Foundry Foundry

E3: TTS Playback (Native Browser Speech)

Status: Step 0 — Design Doc (Refinement Complete) Epic: Foundry v0.1 (no API dependency) Created: March 30, 2026 Updated: March 30, 2026 Authors: Dan Hannah & Clay


Overview

What Is This Epic?

Add text-to-speech audio playback to Foundry using the browser's native Web Speech API. Play buttons appear next to each section heading — click to hear that section read aloud. A "Play All" button at the doc title reads the entire document. No server, no API, no cost.

Problem Statement

Dan reviews docs while driving, in the shop, or doing CNC work. Text-only docs require a screen. TTS makes docs accessible in hands-free contexts. This should work from any device (iPad, phone, laptop) without requiring the API server to be running.

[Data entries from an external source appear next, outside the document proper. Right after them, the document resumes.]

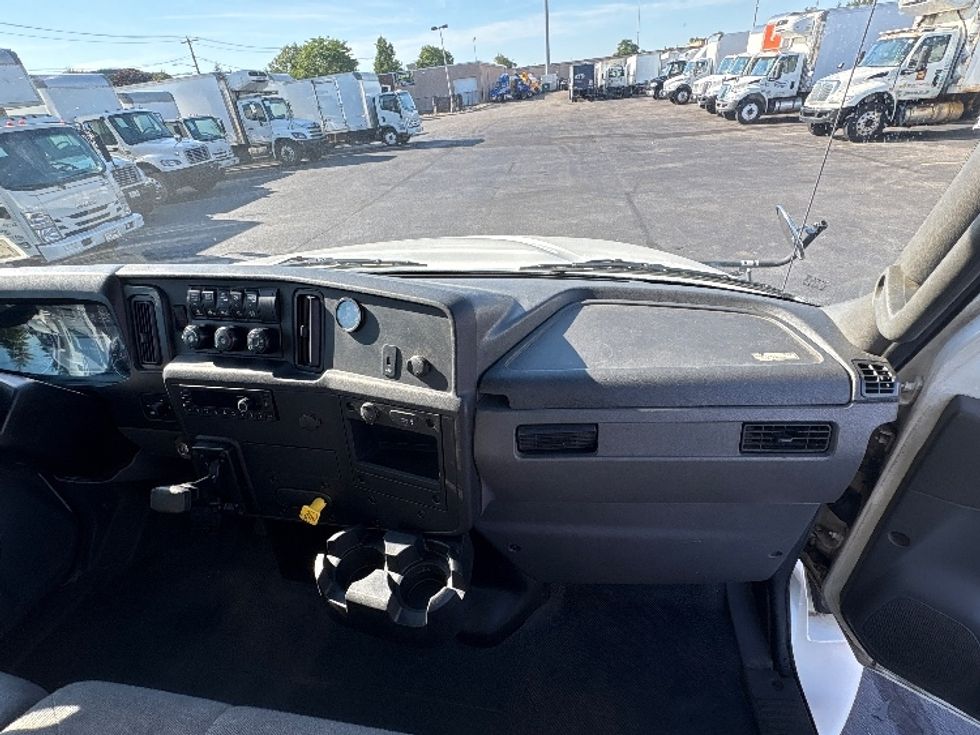 Medium Duty Box Truck-Light and Medium Duty Trucks-International-2021-MV607-West Babylon-NY-115,994\n\t\tmiles-$ 67,750 - Image 21
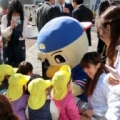 [ 横浜FM：港北警察署「交番の日制定記念日」にＦ・マリノスが参加 ]　小さなお友だちに囲まれるマリノ...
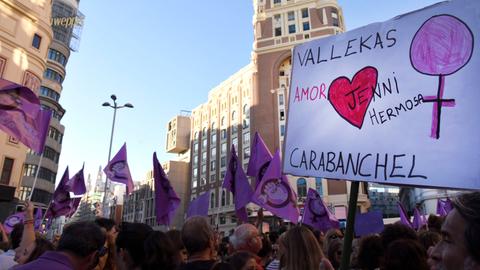 Zahlreiche Menschen, die Fahnen schwenkend durch Madrid ziehen und gegen Luis Rubiales nach dessen aufgezwungenem Kuss demonstrieren
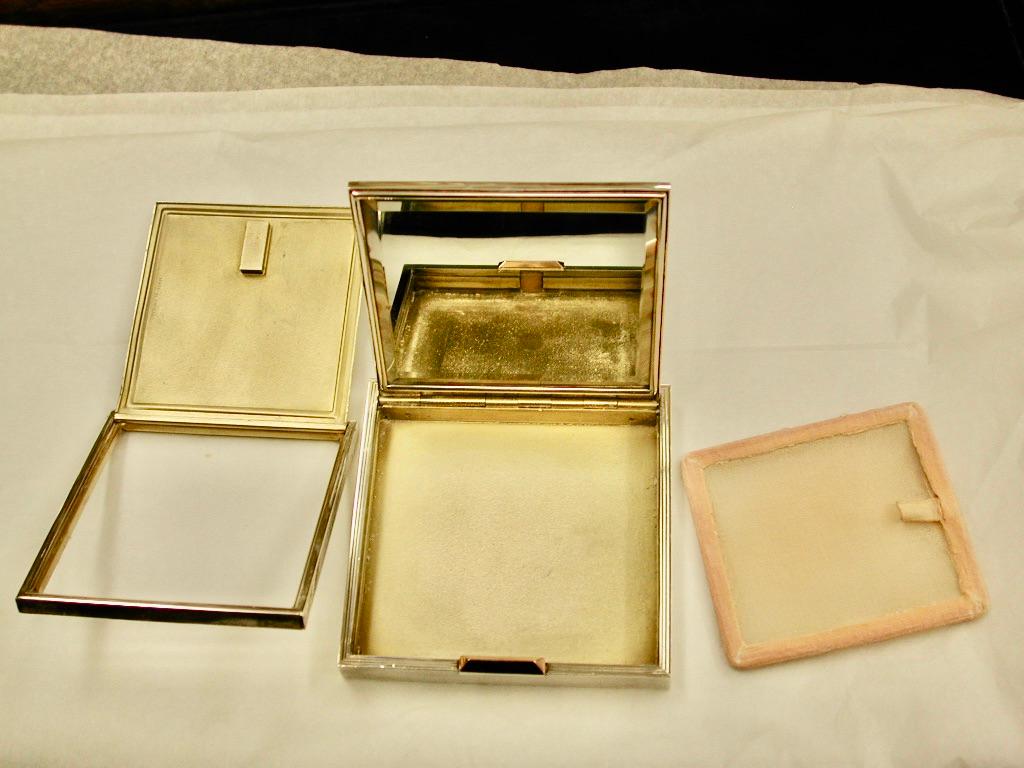 Compatto da donna in argento Art Deco con motore tornito, 1948, David Sutton & Sons, Londra in vendita 2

What Changed From the Original Stub

Original ScopeRevised Scope
Server-side TTS (Edge TTS / ElevenLabs)Native browser Web Speech API
API endpoint for audio generationPure frontend — no server needed
Audio file caching by content hashNo files — browser generates speech on the fly
Required E2 API serverIndependent — can ship before or after E2
Controlled voice selectionDevice-native voices (iOS Siri voices, macOS, Chrome)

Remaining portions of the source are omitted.